The residents of the area, that falls under ward No. 30, demonstrated for more than two hours. They alleged that despite protests, the corporation had not taken steps to send water tankers to their area where wells and other water resources were drying up.
“All the wells have dried up and the tube wells are lying defunct. We have approached the BMC and the Public Health Engineering Organisation (PHEO) for water tankers but they have been passing the buck to each other,” said Radharani Moharana, a homemaker.
Sources said after repeated requests, the BMC had sent a water tanker which could meet the needs of 50 families on June 6. This tanker, alleged residents, was hijacked by the local corporator, who distributed the water among his supporters.

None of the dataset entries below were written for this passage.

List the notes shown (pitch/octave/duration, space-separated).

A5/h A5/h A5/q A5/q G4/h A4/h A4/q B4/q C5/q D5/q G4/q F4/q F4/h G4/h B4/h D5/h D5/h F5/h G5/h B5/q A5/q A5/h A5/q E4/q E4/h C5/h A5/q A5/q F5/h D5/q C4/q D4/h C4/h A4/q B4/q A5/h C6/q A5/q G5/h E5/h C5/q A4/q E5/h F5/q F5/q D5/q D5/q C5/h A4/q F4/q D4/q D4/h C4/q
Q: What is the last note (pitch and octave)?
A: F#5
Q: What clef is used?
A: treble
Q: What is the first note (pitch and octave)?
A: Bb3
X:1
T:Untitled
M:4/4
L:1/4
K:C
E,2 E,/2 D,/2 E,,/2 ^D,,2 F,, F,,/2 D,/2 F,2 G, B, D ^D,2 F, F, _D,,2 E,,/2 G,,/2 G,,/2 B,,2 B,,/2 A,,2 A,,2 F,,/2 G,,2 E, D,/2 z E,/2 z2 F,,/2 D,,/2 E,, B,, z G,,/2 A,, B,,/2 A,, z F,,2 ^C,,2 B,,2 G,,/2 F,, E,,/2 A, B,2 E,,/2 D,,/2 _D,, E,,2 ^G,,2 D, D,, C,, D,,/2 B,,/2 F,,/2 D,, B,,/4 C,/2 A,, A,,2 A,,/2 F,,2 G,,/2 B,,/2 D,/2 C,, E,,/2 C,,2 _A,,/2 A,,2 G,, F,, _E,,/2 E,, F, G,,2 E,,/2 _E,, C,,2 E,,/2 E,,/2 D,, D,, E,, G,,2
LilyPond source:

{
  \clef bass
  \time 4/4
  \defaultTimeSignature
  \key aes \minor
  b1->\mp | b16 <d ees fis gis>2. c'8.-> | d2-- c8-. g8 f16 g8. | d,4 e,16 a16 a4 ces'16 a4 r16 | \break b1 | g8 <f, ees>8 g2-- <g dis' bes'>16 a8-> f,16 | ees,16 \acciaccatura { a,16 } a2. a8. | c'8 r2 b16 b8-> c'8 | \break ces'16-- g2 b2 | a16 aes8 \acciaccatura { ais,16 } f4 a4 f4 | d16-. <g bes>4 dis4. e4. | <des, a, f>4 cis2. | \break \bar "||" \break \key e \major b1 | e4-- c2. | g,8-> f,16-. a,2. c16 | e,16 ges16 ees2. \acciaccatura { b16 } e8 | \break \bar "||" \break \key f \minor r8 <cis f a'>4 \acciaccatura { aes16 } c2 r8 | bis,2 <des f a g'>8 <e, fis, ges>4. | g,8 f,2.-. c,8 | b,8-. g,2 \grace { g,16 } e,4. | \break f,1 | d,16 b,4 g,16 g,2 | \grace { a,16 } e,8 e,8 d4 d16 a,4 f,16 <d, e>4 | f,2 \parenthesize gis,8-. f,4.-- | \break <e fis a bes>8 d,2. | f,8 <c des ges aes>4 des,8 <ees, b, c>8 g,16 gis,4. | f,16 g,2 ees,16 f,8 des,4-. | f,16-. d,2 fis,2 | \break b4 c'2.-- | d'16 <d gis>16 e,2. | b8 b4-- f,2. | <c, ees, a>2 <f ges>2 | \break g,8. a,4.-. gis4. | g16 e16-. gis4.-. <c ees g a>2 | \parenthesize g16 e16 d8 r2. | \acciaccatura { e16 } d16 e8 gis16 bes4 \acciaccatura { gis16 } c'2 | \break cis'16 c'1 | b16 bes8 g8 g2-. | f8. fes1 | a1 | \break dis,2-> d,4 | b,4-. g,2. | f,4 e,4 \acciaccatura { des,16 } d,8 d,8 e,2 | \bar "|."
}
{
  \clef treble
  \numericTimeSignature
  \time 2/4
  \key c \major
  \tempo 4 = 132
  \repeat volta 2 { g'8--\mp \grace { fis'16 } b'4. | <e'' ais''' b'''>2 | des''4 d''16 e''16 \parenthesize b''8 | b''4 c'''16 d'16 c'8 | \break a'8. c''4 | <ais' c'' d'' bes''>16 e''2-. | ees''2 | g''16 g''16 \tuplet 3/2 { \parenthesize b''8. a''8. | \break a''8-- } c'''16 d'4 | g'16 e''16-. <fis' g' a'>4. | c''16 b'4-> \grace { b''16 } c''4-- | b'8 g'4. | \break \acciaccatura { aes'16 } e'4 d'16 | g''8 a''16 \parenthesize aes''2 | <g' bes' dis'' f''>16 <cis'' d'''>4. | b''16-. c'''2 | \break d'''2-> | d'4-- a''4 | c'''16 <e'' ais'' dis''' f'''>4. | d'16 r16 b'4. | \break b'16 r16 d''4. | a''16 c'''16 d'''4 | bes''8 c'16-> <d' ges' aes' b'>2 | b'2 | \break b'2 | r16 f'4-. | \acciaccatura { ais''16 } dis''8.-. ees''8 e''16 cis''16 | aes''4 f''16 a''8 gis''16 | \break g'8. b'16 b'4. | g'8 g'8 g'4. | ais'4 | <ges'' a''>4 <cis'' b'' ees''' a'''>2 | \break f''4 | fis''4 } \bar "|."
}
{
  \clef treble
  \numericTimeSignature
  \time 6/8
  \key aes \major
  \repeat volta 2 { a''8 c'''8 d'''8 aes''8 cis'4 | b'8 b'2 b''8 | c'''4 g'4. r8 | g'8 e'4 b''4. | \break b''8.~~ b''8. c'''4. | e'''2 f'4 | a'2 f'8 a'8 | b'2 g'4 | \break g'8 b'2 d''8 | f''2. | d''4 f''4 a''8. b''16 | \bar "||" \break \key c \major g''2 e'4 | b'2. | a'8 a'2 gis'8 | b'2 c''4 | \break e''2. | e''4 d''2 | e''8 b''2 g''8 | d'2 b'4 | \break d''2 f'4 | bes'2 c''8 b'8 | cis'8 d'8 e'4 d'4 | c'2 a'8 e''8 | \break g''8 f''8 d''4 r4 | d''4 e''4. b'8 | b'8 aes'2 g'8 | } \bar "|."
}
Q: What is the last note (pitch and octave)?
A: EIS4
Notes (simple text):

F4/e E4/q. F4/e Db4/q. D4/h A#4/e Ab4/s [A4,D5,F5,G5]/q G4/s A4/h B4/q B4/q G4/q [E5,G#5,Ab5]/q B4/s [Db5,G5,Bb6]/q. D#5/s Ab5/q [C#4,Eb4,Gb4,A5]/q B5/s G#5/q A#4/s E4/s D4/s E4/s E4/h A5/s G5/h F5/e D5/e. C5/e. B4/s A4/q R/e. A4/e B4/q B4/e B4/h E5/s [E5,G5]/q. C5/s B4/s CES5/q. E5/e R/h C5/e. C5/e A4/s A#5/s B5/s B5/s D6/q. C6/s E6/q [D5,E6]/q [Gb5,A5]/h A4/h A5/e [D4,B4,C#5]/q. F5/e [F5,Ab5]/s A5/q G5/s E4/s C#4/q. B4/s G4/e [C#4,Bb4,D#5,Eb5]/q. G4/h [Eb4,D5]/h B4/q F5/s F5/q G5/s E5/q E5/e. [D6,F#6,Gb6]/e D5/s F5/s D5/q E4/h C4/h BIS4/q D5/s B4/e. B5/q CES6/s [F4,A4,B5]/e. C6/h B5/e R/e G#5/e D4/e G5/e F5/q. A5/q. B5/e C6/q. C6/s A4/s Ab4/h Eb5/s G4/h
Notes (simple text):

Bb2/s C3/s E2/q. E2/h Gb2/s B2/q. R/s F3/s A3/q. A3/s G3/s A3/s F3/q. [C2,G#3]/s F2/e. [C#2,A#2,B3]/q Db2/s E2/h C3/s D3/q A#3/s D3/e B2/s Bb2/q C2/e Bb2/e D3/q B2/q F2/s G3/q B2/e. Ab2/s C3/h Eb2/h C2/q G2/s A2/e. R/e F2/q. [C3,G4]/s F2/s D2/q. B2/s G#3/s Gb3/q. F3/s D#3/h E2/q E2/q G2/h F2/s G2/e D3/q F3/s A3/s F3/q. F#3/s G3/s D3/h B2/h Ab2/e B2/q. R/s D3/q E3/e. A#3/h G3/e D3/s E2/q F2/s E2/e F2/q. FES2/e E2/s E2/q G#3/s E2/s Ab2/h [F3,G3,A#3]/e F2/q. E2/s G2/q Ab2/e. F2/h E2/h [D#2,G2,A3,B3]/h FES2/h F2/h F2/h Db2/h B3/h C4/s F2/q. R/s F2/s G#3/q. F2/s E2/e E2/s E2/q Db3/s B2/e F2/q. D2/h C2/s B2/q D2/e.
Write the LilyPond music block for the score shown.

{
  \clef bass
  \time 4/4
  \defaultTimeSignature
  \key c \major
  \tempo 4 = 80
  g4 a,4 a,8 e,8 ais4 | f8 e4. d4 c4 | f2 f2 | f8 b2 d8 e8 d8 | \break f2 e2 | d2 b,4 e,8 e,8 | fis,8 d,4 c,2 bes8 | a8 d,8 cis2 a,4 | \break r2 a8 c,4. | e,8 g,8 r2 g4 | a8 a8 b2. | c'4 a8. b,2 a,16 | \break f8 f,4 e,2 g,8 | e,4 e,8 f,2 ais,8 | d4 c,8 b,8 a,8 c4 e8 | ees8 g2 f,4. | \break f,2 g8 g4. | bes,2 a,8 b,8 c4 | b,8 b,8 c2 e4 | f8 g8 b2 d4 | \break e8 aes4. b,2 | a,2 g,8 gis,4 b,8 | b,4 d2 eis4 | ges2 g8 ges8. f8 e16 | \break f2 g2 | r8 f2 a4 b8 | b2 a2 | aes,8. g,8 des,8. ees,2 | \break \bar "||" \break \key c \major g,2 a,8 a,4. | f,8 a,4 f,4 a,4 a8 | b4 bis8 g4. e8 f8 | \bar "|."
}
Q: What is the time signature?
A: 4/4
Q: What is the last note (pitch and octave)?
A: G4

“We informed the BMC officials about it but they did nothing,” said Benudhara Moharana, another local resident. However, the corporator, Hrudaya Ballav Samantray, denied the allegations. “For the past 10 days, one water tanker has been coming to the area. Last Friday, they had sent two tankers. The allegations against me are false,” said Samantray.
However, BMC officials said the problem had been sorted out. “We have made arrangements for supply of sufficient drinking water to the area,” said BMC secretary Debashis Mohanty.
The heat wave-like conditions in the city has resulted in many areas facing a shortage of drinking water. The problem was acute in localities where there was no pipe-water supply. Localities such as Dumduma, Jagamara, Gandamunda, Pokhariput, Bhimtangi, Sundarpada, Kapilaprasad and Tankapani Road were the most affected.
Apart from residential areas, people who maintain the “jalachatras” (temporary drinking water kiosks) said the corporation had failed to provide sufficient water to these kiosks. While the kiosks are managed by private parties, the BMC is supposed to provide drinking water and a small piece of land for setting them up. This summer, the BMC has set up as many as 78 drinking water kiosks with the collaboration of various voluntary organisations in the city.
BMC sources said four water tankers had been deployed to provide drinking water to the water kiosks and residential areas facing water shortage. “Six water tankers are being provided to fill the drinking water kiosks everyday and 10 tankers are taking care of the areas with water problems,” said a senior BMC official.